Allow me to further over-extend my train of tangental thought for a moment longer, will ya? I've been thinking of this in the back of my mind ever since I saw Jacques Nolot's Before I Forget. In that film, Nolot's character, an aging gay lothario, breaks the fourth wall and tells us that laughing at him is our way of shielding ourselves from sympathetically recognizing ourselves in him. Nolot then stands naked before us, his shriveled dink and wrinkly ass on full display, as he embraces a giant, engulfing black void. A powerful image, but one I can't help but balk at, and not just because it's a little too literal. What I didn't like about this mentality, as I've since realized, is the idea that if you laugh aloud, you are laughing at something. I don't think it's that simple. Watching Phoenix's performance as Quell confirmed that for me: when depressed and confronted with your own self-loathing, you don't disconnect yourself from the object of ridicule you're immediately laughing at. The joke cuts both ways: it's sometimes both a way of seeing yourself in something stupid, and of distancing yourself from it.
I'll be a little more concrete, because I think the performative qualities of belief in the film are key, and laughing is a big part of that. When Quell laughs, it's often a reactive response that puts him above whatever he's laughing at. But at the same time, it's sometimes unclear whether his smirking is a sign that he knows he's behaving abominably or if it's just his way of putting himself above other people. For example, I'm not sure that there's a simple either/or explanation for the way Quell laughs after he throws food at the skeptical John More (Christopher Evan Welch), or when Quell's describing to Dodd what he did to More after he leaves Dodd's side. Like the meaning of Quell's default, nigh-arthritic hands-on-hips pose, the meaning of Quell's laugh has become so ingrained in the gesture itself that its meaning is lost to instinct. Putting his hands on his hips only means something specific when he's taking Dodd's photo and Dodd asks him if he's in focus. Quell responds incredulously, putting his hands on his hips. He doesn't need to reproach his subject verbally now: it's understood what he means. But what does that mean for the goon-ish leer Quell gives off when, after being processed by Dodd for the first time, Dodd downs a shot of bootleg liquor and instinctively cries out as if he were in pain? It's hard to say, especially because Anderson's camera only shows that smile as it's seen from over Phoenix's shoulder (the camera is directly facing Hoffman at the time).

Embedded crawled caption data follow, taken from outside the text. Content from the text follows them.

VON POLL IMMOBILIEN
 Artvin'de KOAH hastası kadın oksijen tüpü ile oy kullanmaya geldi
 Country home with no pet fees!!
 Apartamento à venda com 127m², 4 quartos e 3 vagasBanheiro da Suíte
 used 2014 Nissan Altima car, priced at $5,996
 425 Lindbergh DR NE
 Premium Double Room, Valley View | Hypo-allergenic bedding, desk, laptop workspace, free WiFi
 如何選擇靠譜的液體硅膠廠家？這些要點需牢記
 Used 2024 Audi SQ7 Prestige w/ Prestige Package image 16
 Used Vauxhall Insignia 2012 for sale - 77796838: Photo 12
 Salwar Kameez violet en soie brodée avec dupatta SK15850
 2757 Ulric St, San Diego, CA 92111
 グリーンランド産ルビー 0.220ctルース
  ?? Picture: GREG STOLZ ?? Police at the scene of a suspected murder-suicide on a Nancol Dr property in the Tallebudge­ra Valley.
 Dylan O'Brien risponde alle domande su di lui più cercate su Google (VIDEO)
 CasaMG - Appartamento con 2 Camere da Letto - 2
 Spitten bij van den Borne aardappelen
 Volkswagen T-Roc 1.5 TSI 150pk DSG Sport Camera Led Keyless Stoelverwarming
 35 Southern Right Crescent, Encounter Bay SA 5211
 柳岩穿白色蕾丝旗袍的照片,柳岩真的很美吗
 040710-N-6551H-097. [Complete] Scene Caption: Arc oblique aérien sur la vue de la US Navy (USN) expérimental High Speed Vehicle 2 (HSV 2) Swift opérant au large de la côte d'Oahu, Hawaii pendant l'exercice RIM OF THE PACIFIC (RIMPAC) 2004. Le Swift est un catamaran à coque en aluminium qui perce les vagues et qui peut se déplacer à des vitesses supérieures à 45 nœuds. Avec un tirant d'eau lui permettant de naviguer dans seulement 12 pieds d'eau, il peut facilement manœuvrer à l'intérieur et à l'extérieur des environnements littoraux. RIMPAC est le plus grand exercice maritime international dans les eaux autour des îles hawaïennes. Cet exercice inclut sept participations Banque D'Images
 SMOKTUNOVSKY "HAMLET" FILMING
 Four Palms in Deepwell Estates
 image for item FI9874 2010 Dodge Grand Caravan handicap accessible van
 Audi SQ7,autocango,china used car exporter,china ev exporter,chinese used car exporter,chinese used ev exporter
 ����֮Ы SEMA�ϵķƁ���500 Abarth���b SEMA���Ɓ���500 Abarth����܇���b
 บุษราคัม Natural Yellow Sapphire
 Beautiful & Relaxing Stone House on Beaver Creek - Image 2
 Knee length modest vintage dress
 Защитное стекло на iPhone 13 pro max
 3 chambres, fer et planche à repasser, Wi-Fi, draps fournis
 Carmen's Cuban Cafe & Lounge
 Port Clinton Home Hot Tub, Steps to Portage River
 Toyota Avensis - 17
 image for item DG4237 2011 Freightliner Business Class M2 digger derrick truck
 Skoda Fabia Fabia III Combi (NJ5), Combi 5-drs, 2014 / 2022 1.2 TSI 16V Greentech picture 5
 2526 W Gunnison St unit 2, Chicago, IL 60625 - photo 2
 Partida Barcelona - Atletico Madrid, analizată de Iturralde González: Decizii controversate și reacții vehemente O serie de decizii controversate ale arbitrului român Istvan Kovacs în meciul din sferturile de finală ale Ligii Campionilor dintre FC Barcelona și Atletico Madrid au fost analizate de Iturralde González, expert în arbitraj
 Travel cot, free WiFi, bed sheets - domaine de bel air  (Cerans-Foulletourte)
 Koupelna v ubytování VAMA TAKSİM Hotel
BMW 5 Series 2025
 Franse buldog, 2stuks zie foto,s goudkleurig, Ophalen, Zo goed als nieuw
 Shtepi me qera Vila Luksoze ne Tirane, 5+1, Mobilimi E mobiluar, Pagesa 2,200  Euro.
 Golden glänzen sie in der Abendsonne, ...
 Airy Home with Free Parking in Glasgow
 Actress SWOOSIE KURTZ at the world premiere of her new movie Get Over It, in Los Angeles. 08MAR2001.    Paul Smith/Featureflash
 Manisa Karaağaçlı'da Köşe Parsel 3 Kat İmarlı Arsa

Still, Dodd does tell his congregation that, "laughter is important," and he means it. But he only wants to hear laughter of recognition. When an elderly New York socialite laughs after he presses her to tell him about her experience in a past life, Dodd is satisfied because she laughs. It's an instinctive sign that she's seen what his method expects her to. That's because, like the Scientologist method of successfully auditing people that fit a certain psychological profile, Dodd's processing only works completely for people that have been targeted based on their personalities. Dodd's believers are thus only confirming for him what he wants them to think he knows. There's that crucial scene where, before he addresses the crowd at the 1st Congress to unveil The Split Saber's teachings, he's seated at his desk, running his fingers through his hair as if to say, "What am I going to do now?" When Dodd's onstage however, he's beaming, and smiling, and making jokes. It's the highlight of his performance as a master (the lowlight is him reacting like a savage and bellowing, "Pigfuck," when More interrupts his increasingly exasperated tirade with a half-titter, half-scoffing laugh).
And somehow, perhaps because Dodd is right when he later says that he's mysteriously tethered to Quell, Quell knows that something's amiss. To me, a line like "The secret is laughter," is bound to sound phony to someone that contorts his face into a mask as effortlessly as Quell does. Phoenix briefly smirks enigmatically when he's called "the bravest boy in the world," and it means everything and nothing. Just before that, during his processing, Quell's look of mock concentration transforms into a look of genuine focus when Dodd asks him about his mother. That question touches a nerve, just like later when Dodd's son-in-law Clark (Rami Malek) brings up hometown sweety Doris Solstad (Madisen Beaty) during another auditing-like exercise. Quell jeers at Clark's naked attempts to provoke him. He genuinely appears to let her name slide off of his back. But then Clark says it one time to many, and Phoenix is almost up on his feet strangling Clark in an instant: "Say her name one more time!" You can't bullshit a bullshitter, as the painfully true cliche goes.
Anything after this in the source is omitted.